Por seu lado, também o Tribunal Constitucional tem, desde sempre, afirmado que a ideia geral que pode, em suma, formular-se acerca do sentido e alcance fundamentais do princípio consagrado no n.º 1 do artigo 32º da Constituição é a de que o processo criminal há-de configurar-se como um due process of law, devendo considerar-se ilegítimas, por consequência, quer eventuais normas processuais, quer procedimentos aplicativos delas, que impliquem um encurtamento inadmissível das possibilidades de defesa do arguido (assim, designadamente, o Acórdão n.º 337/86, publicado no Diário da República, I Série, de 30 de Dezembro de 1986, bem como muitos outros que se seguiram na sua esteira).
Ora, isto dito, torna-se então evidente que uma leitura do artigo 7º, n.º 3, da Lei n.º 30-E/2000, de 20 de Dezembro, como a que foi efectuada na decisão recorrida e que conduziu à recusa de aplicação da norma, não será compatível com aquele princípio constitucional, na medida em que, ao recusar a concessão do benefício de apoio judiciário, na modalidade de dispensa de taxa de justiça e demais encargos do processo, a estrangeiro não residente em Portugal, economicamente carenciado e arguido em processo penal pendente perante os tribunais portugueses, essa decisão possa implicar (para utilizarmos as palavras do Acórdão n.º 337/86, já citado) um encurtamento inadmissível das possibilidades de defesa do arguido. Com efeito, se, como observa, nas suas alegações, o Ministério Público, “condicionando a lei de processo e de custas o exercício de relevantes meios de defesa ao prévio pagamento da taxa de justiça respectiva, resultar[...] de tal interpretação normativa uma verdadeira impossibilidade prática de o arguido se poder defender da acusação que lhe era imputada”, não restará dúvida de que se encontrarão cerceadas as possibilidades de defesa do arguido, ao menos na medida em que a isenção prevista no artigo
522º do Código de Processo Penal não cubra tais situações.

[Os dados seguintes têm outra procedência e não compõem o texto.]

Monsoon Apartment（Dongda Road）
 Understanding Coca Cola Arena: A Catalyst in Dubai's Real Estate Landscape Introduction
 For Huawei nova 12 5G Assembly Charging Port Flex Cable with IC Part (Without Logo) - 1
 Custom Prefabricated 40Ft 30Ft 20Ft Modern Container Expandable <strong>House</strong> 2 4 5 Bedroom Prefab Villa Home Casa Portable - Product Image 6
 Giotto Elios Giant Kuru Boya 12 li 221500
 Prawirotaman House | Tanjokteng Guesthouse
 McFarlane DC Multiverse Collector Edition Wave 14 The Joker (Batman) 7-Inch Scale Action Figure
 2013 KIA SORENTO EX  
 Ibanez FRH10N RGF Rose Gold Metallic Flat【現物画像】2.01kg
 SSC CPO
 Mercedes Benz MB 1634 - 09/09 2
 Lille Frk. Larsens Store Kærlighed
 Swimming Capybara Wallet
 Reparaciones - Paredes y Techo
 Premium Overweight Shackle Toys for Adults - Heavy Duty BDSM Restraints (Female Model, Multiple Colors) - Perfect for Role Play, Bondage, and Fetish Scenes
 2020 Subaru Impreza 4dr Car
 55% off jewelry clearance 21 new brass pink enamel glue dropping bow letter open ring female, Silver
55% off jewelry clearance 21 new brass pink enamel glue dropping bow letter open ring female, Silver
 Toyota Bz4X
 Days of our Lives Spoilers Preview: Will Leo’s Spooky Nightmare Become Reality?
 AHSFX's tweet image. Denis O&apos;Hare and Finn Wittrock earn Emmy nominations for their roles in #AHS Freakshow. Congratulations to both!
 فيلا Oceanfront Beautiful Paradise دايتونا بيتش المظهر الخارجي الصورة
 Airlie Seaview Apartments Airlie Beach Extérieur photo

Será, assim, procedente a conclusão, sustentada nos presentes autos pelo Ministério Público, de que a norma ora em apreciação, interpretada nos termos em que o foi pela decisão recorrida e na medida em que conduza ao resultado que se acaba de referir, viola o princípio de que o processo penal assegurará todas as garantias de defesa consagrado o artigo 32º, n.º 1 da Constituição.
6.2. Na perspectiva da decisão recorrida, porém, as restrições que se baseiam em questões de reciprocidade e, concretamente, a norma ora em apreciação, violam o princípio da não discriminação (art. 13º, n.º 2, da CRP), o princípio da equiparação (art. 15º, n.º 1, da CRP) e o direito fundamental de acesso aos tribunais (art. 20º, n.ºs 1 e 2 da CRP).”
Ora, o artigo 13º, n.º 2 da Constituição, na parte ora relevante, estatui que
”ninguém pode ser (...) prejudicado (...) em razão de (...) situação económica”. Por sua vez, o artigo 15º, n.º 1, dispõe que, “os estrangeiros (...) que se encontrem (...) em Portugal gozam dos direitos (...) do cidadão português. Finalmente, o artigo 20º, n.º 1, refere que: “a todos é assegurado o acesso ao direito e aos tribunais para defesa dos seus direitos e interesses legalmente protegidos, não podendo a justiça ser denegada por insuficiência de meios económicos”.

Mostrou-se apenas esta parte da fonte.